Blogs

[MOVED] In Memory Database

Abstract

Note: The db usage in my case may not be typical.

HSQLDB

did not work well for me: 

administration tools are not user friendly

could not quite figure out how to load data from a file

H2

Nice adminstration tools

Deployment is very simple and well explained in documentation

Speed: in my case slower than MySQL

* Preferered choice in my case

MySQL

Very nice db, but deployment is rather heavy

 

Details

I was considering HSQLDB as my primary choice of in memory database.  After reading its history on http://en.wikipedia.org/wiki/HSQLDB :

HSQLDB is a relational database management system written in Java. It is based on Thomas Mueller's discontinued Hypersonic SQL Project.[1] He later developed H2 as a complete rewrite.
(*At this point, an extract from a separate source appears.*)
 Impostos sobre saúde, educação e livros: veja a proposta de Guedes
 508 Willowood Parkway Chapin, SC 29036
I decided to give H2 a try.  Bellow is the benchmark from the H2's website, which looks quite nice.  Hopefully my application will achieve similar results.
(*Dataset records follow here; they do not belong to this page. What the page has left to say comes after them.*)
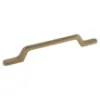 Obrazek Uchwyt meblowy U098-96 złoty
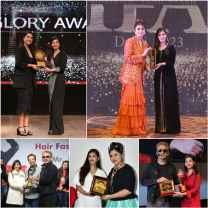 Jawed Habib Academy Delhi
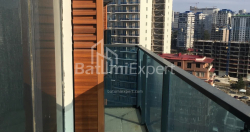 דירה 50.65 מ"ר - לך ומריה קצ'ינסקי, Batumi, גאורגיה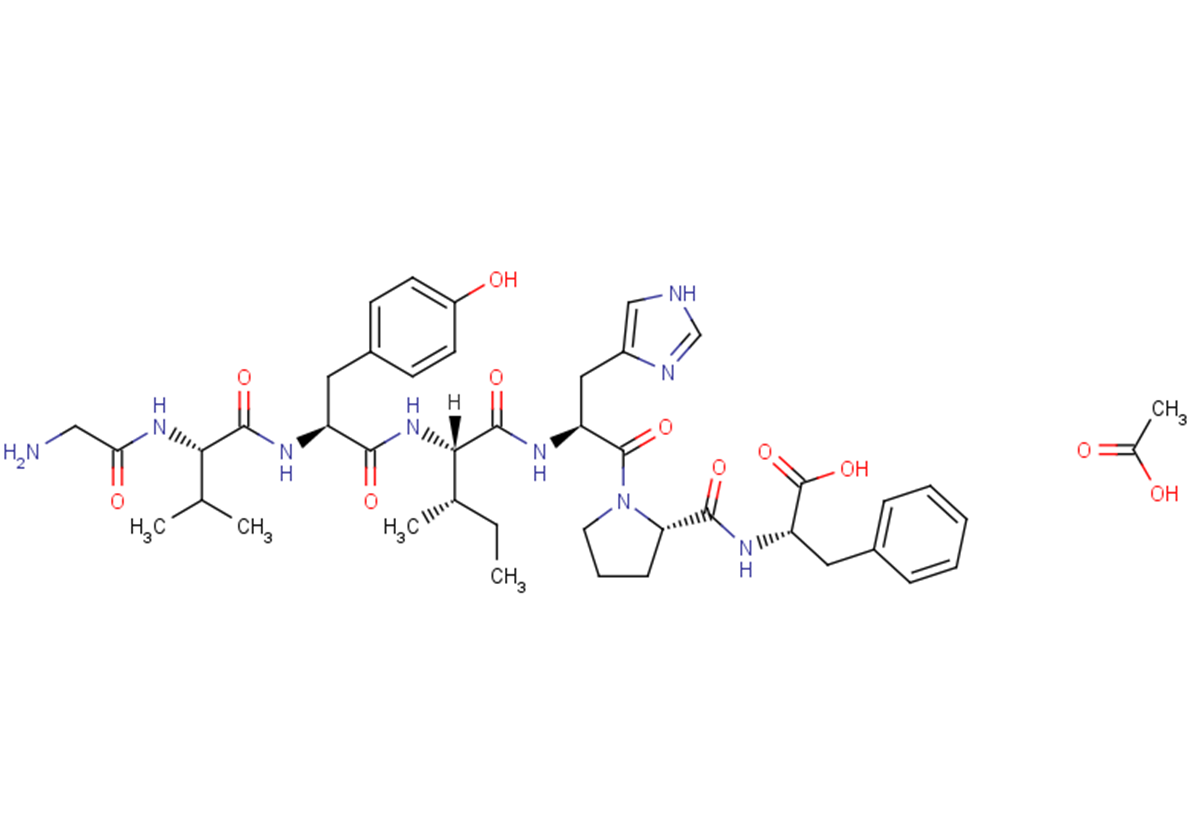 TRV055 acetateͼƬ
My application.  I am currently running my algorithm on the top of Taste recommender engine using MySQL.  A complete set of experiments for my algorithm and existing  to produce results takes 3 days on a Core2 Duo machine.  I need to try more than 20 different settings = 60 days.  So I decided to try to speed it up.  In addition I don't have permission to install db on the supercomputing cluster at my university so in memory db hopefully will solve both of my problems.

Reasons for In-Memory Database

Performance

Since memory's I/O is much faster than disk I/O this should translate into significant speed up (assuming your db can fit in memory)

Deployment

Could be run in embeded mode -- all you need is java and you can run it locally inside of your application (no additional sotware needs to be installed on the server etc.).

 

Performance

Note: I am using this setup for explorative learning algorithm; it is not a typical usage of the recommender system.

MySQL Taste

Single pass: 138 - 3,819 ms (depending on configuration) 

Taste Movie Lens Notes

DB

# Create Table

 CREATE TABLE taste_preferences (
   user_id VARCHAR(10) NOT NULL,
   item_id VARCHAR(10) NOT NULL,
   preference FLOAT NOT NULL,
   time_stamp VARCHAR(10),
   PRIMARY KEY (user_id, item_id)
 )

# Create Indexes

CREATE INDEX IDX_USER_ID ON TASTE_PREFERENCES  ( USER_ID )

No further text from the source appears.